> Task goal: Everything in the records must be copied exactly except the pictures.
══ Dataset records
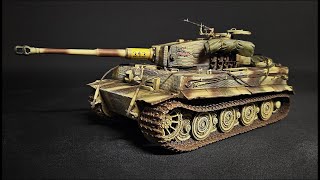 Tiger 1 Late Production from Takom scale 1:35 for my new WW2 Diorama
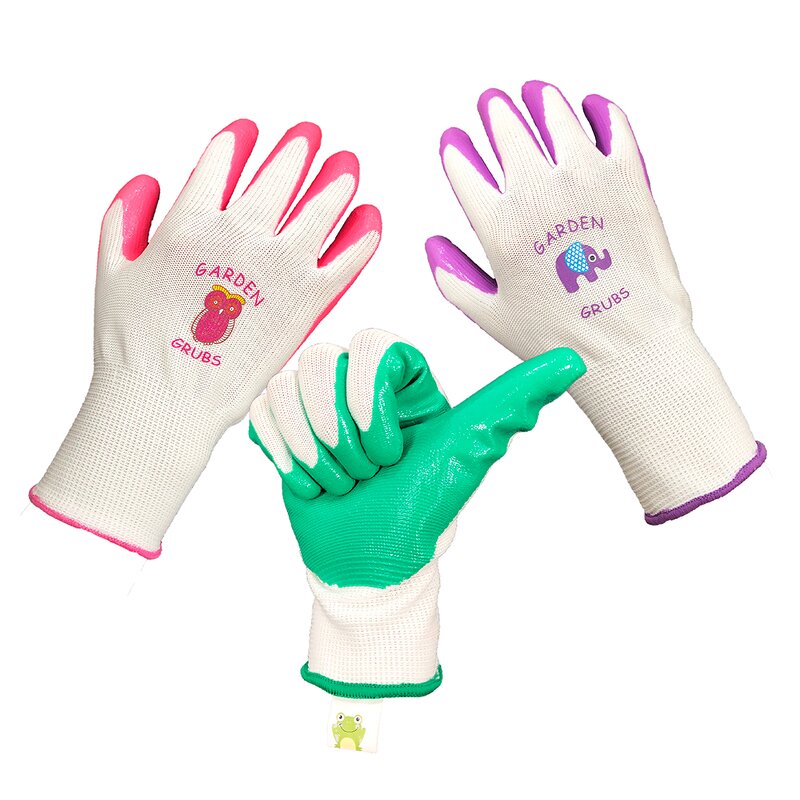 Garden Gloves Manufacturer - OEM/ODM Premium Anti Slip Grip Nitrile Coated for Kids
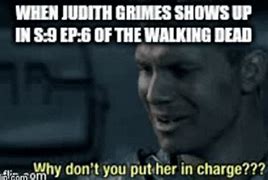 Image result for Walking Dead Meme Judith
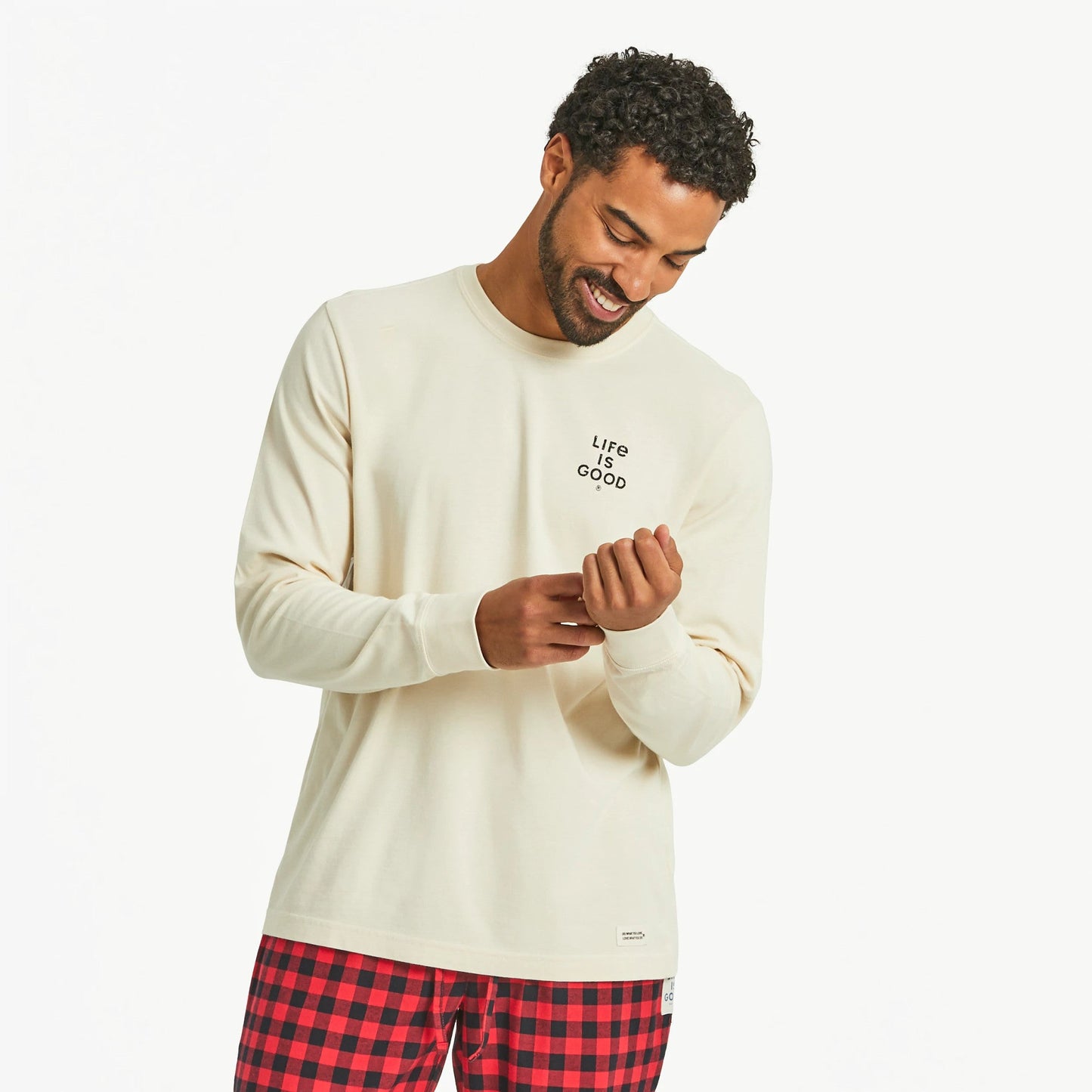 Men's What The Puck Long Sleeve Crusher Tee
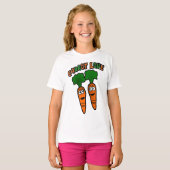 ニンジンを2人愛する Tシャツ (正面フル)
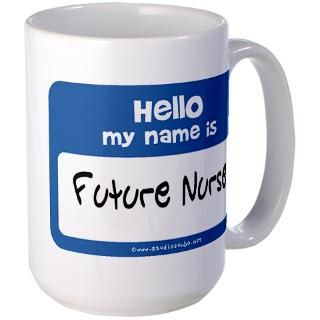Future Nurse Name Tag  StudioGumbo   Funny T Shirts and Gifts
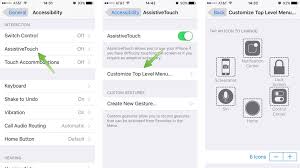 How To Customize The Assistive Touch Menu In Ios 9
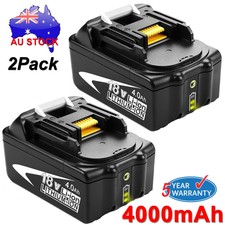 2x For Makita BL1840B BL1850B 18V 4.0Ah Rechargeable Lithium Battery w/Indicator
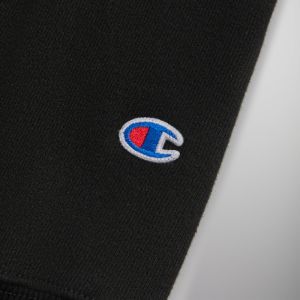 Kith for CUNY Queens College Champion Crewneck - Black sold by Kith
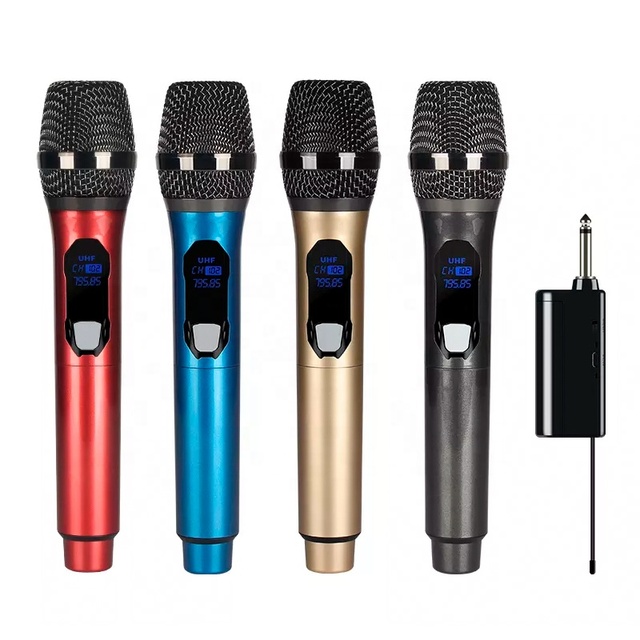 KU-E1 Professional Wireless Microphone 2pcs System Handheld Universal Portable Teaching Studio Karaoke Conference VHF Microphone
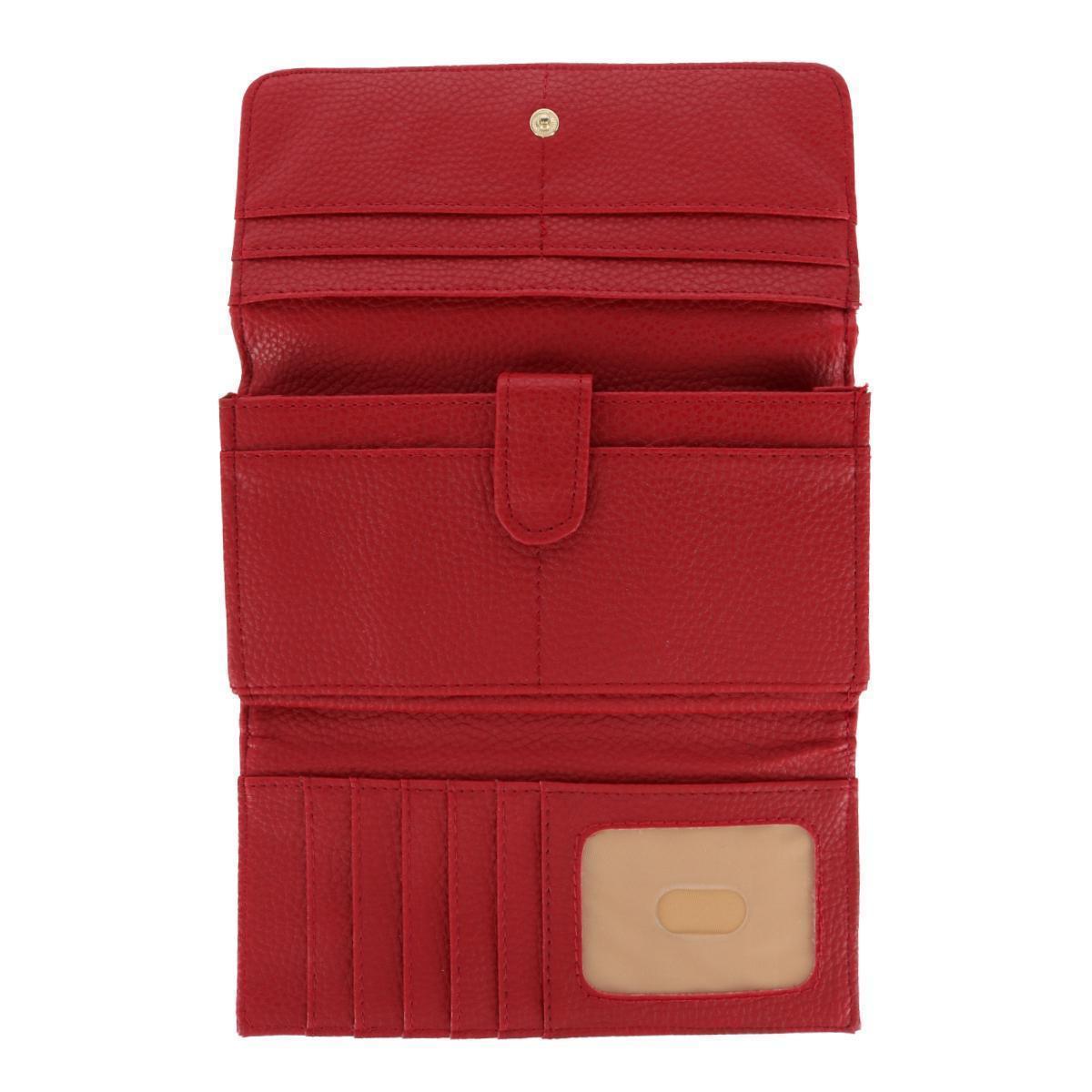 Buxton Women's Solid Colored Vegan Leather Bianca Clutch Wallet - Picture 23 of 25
════
> Solution to this task:
 Tiger 1 Late Production from Takom scale 1:35 for my new WW2 Diorama
 Garden Gloves Manufacturer - OEM/ODM Premium Anti Slip Grip Nitrile Coated for Kids
 Image result for Walking Dead Meme Judith
 Men's What The Puck Long Sleeve Crusher Tee
 ニンジンを2人愛する Tシャツ (正面フル)
Future Nurse Name Tag  StudioGumbo   Funny T Shirts and Gifts
 How To Customize The Assistive Touch Menu In Ios 9
 2x For Makita BL1840B BL1850B 18V 4.0Ah Rechargeable Lithium Battery w/Indicator
 Kith for CUNY Queens College Champion Crewneck - Black sold by Kith
 KU-E1 Professional Wireless Microphone 2pcs System Handheld Universal Portable Teaching Studio Karaoke Conference VHF Microphone
 Buxton Women's Solid Colored Vegan Leather Bianca Clutch Wallet - Picture 23 of 25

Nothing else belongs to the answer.